DATA EXTRACT:
*-*-*

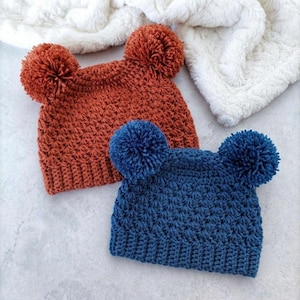 Puede incluir: Dos gorros de ganchillo, uno de color naranja quemado y otro de color azul intenso, cada uno con dos grandes pompones a juego en las esquinas superiores. Ambos gorros tienen un patr&oacute;n de punto texturizado y un borde acanalado, con un dise&ntilde;o uniforme.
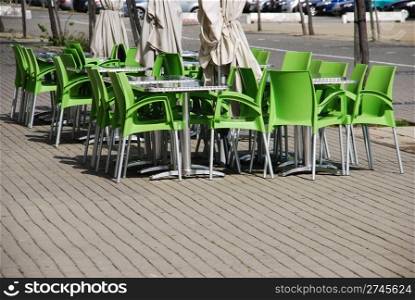 outdoor cafeteria with green plastic chairs, metallic tables and umbrellas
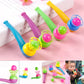 Children's hanging blow ball toy set with blue, purple, green, and yellow handheld blowers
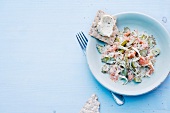 Salad with salmon, crisp bread and cream cheese on plate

*-*-*

EXERCISE DETAILS: What you return should match the material line for line, with the images removed.

REPLY:
 Puede incluir: Dos gorros de ganchillo, uno de color naranja quemado y otro de color azul intenso, cada uno con dos grandes pompones a juego en las esquinas superiores. Ambos gorros tienen un patr&oacute;n de punto texturizado y un borde acanalado, con un dise&ntilde;o uniforme.
 outdoor cafeteria with green plastic chairs, metallic tables and umbrellas
 Children's hanging blow ball toy set with blue, purple, green, and yellow handheld blowers
 Salad with salmon, crisp bread and cream cheese on plate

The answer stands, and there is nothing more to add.